Para aprender com a pesquisa criativa de Le Corbusier e ver como ele evoluiu como arquiteto, é preciso entender onde começou. Nunca frequentou uma universidade ou se inscreveu formalmente numa escola de arquitetura. A sua formação em arquitectura foi principalmente autoimposta e foi fortemente influenciada pelos ensinamentos de seu tutor do ensino secundário Charles L'Eplattenier, que lhe ensinou os fundamentos do desenho e das artes decorativas na École d’Art na sua cidade natal de La Chaux- de-Fonds, na Suíça.
Após completar os estudos na escola secundária em 1907, L'Eplattenier encorajou Jeanneret a deixar para trás as paisagens rurais e a ampliar a sua visão do mundo fazendo uma viagem formal de desenho através do norte da Itália. Esta pedagogia de aprender a desenhar e aprender através da experiência foi provavelmente influenciada pela longa tradição do Grand Tour, um rito de passagem para aristocratas europeus. A ideia de viagem era considerada necessária para a expansão da mente e para a compreensão do mundo. Arquitetos, escritores e pintores apoderaram-se da ideia, tomando um itinerário modelo pela Europa para ver monumentos, antiguidades, pinturas, paisagens pitorescas e antigas cidades.
A experiência incutiu em Jeanneret um enorme desejo de ver e compreender outras culturas e lugares através da arquitetura e do espaço urbano que lhes dá forma. Na Itália expressou o seu primeiro verdadeiro interesse pelo ambiente construído, estudando principalmente detalhes arquitetónicos e elementos de construção.
Pouco depois do seu regresso, partiu novamente para Viena, Paris e Alemanha, ficando cada vez mais interessado nas paisagens citadinas e no desenho urbano. Periodicamente, regressou a casa para reactar com L'Eplattenier. Durante as suas viagens, o caderno de esboços surgiu como a principal ferramenta de Jeanneret para registar e aprender, e o desenho tornou-se para ele um meio essencial e necessário do treino em arquitectura. Entre 1902 e 1911 produziu centenas de desenhos, explorando uma ampla gama de assuntos, bem como meios e métodos de registo.
Com cada viagem ganhou uma visão mais ampla. À medida que os seus interesses mudavam e se ampliavam, o mesmo se passava com o seu processo de documentar o que via.
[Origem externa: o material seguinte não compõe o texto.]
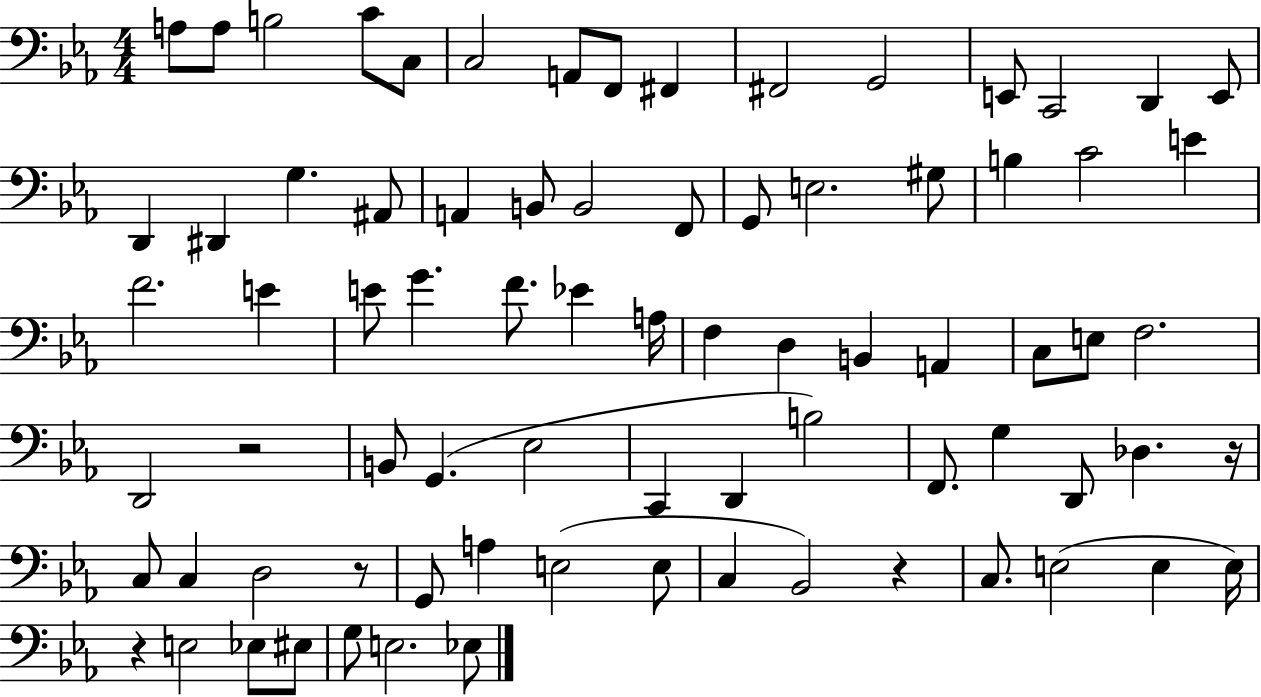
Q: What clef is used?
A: bass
Ao seu repertório de desenhos em perspectiva de paisagens, maravilhosamente detalhados em aguarela, acrescentou esboços analíticos que capturavam o núcleo das formas espaciais e se tornaram num meio rápido de anotação visual. Durante todo este tempo frequentemente regressou a assuntos antigos e conhecidos para estudá-los através de diferentes perspectivas, a fim de "ver".
Giuliano Gresleri, historiador da arquitetura e autor de “Les Voyages d'Allemagne: Carnets” e “Voyage d'Orient: Carnets” (que incluem reproduções de cadernos de Jeanneret durante as suas viagens à Alemanha e ao Oriente), disse: "O que distinguiu a viagem de Jeanneret dos de seus contemporâneos da École e da tradição do Grand Tour foi precisamente a sua consciência de 'ser capaz de começar de novo.’ Uma e outra vez, esta noção destaca-se nas páginas dos seus cadernos. As notas, os esboços e as medições nunca foram fins em si mesmos, nem eles eram uma parte da cultura da viagem. Eles deixaram de ser um diário e tornaram-se um projeto.”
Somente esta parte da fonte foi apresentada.